Cantor Tied to Controversial Rabbi at Center of Probe

By Richard Edmondson | Fig Trees and Vineyards | January 17, 2014

Yesterday I posted an article on the FBI investigation of New York Congressman Michael Grimm in connection with campaign donations to his 2010 campaign made by supporters of Israeli Rabbi Yoshiyahu Pinto. If you haven’t read the article, it’s here.
Pinto is listed as one of the richest rabbis in Israel (he is rabbi to some of the world’s wealthiest oligarchs), and in the article I speculated on whether other supporters of Israel now serving in congress may have received donations from the same source.
Well, a news article posted in 2012 would seem to indicate that there are, and that one of them is Eric Cantor, one of the most powerful members of Congress, and a staunch supporter of the Jewish state (Cantor is himself Jewish). The article in question is posted at Al-Monitor. Here is an excerpt.

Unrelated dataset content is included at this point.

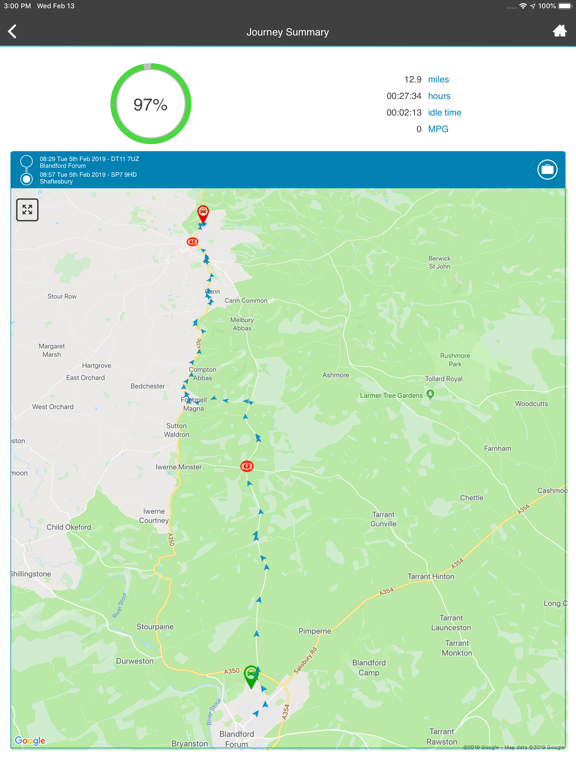 Trakm8 Connect iPad screenshot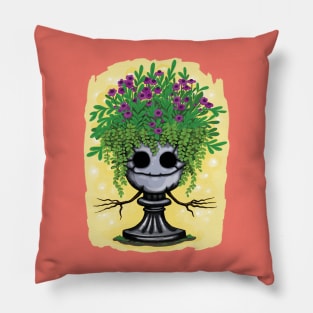 Blooming plant pot Pillow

Indeed, detailed examination of federal campaign filings by Al-Monitor indicate that the top seven donors to Cantor’s 2008 campaign are followers or associates of Rabbi Pinto. Together, the group of close Rabbi Pinto associates that made up Cantor’s seven top donors in 2008 gave about $330,000 to the Virginia Republican–almost 10% of the $3.9 million total Cantor raised for the 2008 race. None of them are from Virginia, and some had not previously given to US political campaigns.
Josef Ben Moha of New Jersey donated $48,100 to Cantor’s Victory Fund on April 11, 2008 — his only campaign donation in US records. Moha is listed as managing director of Livono (or Livorno) Partners, whose CEO Ben Zion Suky also donated $48,100 to Cantor on the same date. Suky serves as the “right-hand man … translator, gatekeeper and conduit to the outside world” for Pinto, the Forward reported last year. He also owns property with Rabbi Pinto’s wife, as well as a porn DVD distribution business.
Haim Milo Revah, a real estate developer from California who has credited Pinto with offering successful business advice, donated $48,100 to Cantor on April 21, 2008, records show.
Real estate broker Haim Binstock, and his wife his wife, Gallya Binstock, together donated $91,600 to Cantor’s campaign on Oct. 31, 2008. Binstock’s business partner Ilan Bracha, and his wife, Mati Bracha, also donated $91,600 to Cantor’s campaign on the same date, campaign filings show. In 2008, Binstock and Bracha Manhattan property they planned to donate for use as a synagogue for Rabbi Pinto, they told The Wall Street Journal last year.
More recently, George Klein, described by The New York Times as a longtime Republican power broker who attends Pinto’s Shuva Israel congregation at 155 E. 58th St. in Manhattan, donated $50,000 to Cantor’s Victory Fund on Oct. 18, 2011, campaign filings show. Klein, who has donated to several other Republican candidates in smaller amounts, is also a member, with Cantor, of the Republican Jewish Coalition.

As I noted in yesterday’s article, Grimm is reportedly a close confidante of Israeli Prime Minister Benjamin Netanyahu, and the Israeli police seem to be trying to deliberately sabotage the FBI’s investigation of him.
The FBI is hoping to have Pinto testify against Grimm, but the rabbi has been charged in Israel with bribing a police official, a development which would compromise his credibility as a witness–presumably against Grimm or any other member of Congress who may have broken the law. A wiretap reportedly in the possession of the FBI has Israeli police threatening Pinto.
The case has been written about extensively by blogger Richard Silverstein, who has reported that among the allegations are that donors to Grimm’s 2010 campaign were promised green cards in return for their support (campaign contributions by non-citizens are illegal) and also that some of the donations exceeded the legal limit.
“There is no evidence of any impropriety in Cantor’s contacts with Rabbi Pinto,” notes the 2012 Al-Monitor report.